Fuel-based lighting is a costly and inefficient lighting option, and often consuming between 10 to15 per cent of annual income, forcing the poorest families to divert essential funds away from other critical needs such as children's education, family health care and nutrition.
The expenditures of fuel based lighting in the region have been estimated by the World Bank at $17 billion.
Fuel-based lighting also induces significant environmental and social costs, contributing to increases in greenhouse gas emissions and indoor air pollution, impairing human health, jeopardizing safety, and limiting overall productivity.
Today, with oil prices at record levels, poor householders are foregoing or reducing their use of poor quality fuel-based lighting. Reports are emerging that the impacts are far greater than a dwindling of their quality of life.

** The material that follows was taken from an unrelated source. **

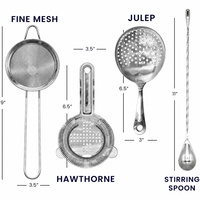 Juego de Coladores de Cóctel de Acero Inoxidable Pulido, 5 Piezas, Herramientas de Bar con Colador Julep Hawthorne de Malla Fina y Jigger para Bar en Casa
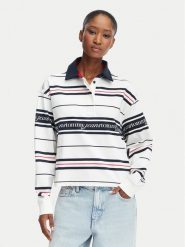 Tommy Jeans Polo DW0DW23145 Biały Regular Fit. Białe koszulki polo Tommy Jeans, s, bez wzorów, z bawełny, bez kołnierzyka, bez ramiączek. Za 489.99 zł.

Education of children, health, security, and income are all being adversely affected.
Compounding this problem, the current range of technologies are limited in their ability to meet the needs of the African consumer and have yet to effectively reach certain market segments, especially the rural poor, with affordable off-grid solutions.
Although substantial evidence points to the promise of a significant market opportunity for off-grid lighting in Sub-Saharan Africa, with expenditures topping $17 billion in fuel-based lighting, the global lighting industry has, by and large, been unable to penetrate this market area and take advantage of this unique opportunity.
This is due to a number of hurdles identified by the industry, such as a lack of sufficient information to realize the market potential and define the needs of the African consumer and the inability to access partners across the supply chain and identify effective distribution channels to reach a range of African consumers across the continent.
The Lighting Africa Business Conference which ended yesterday in Accra was however created to help entrepreneurs across the world innovate and deliver affordable, reliable, sustainable lighting products to the African marketplace.
The conference is a joint International Finance Corporation (IFC) and World Bank initiative which seeks to provide modern lighting to the 250 million people in Sub-Saharan Africa who lack access to electricity, by 2030.
Working in consultation with the global lighting industry, Lighting Africa seeks to reduce key market barriers by working with public and private partners across a variety of sectors to reduce transaction costs, mitigate market risks, improve quality and promote commercial responsibility.
“The Lighting Africa 2008 Conference is built upon Lighting Africa's commitment to support the global lighting industry in penetrating the market, providing the first venue for face-to-face interaction between the various industry players across the supply chain, and providing a place to showcase the latest innovative ideas for delivering off-grid lighting to African consumers,” World Bank Ghana Country Director, Ishac Diwan said at the opening of the conference on Tuesday.
The conference also provides the first opportunity to unveil Lighting Africa's preliminary market research findings and engage the private sector to determine the best paths for future collaboration.
The Programme Manager of Lighting Africa Ghana's Regional Office, Cyril Kattah, stated: “Expected benefits are improved services for consumers, enhanced job creation, and improved quality of life so that when the sun goes down and night falls upon the continent, light will continue to shine in the lives of millions.”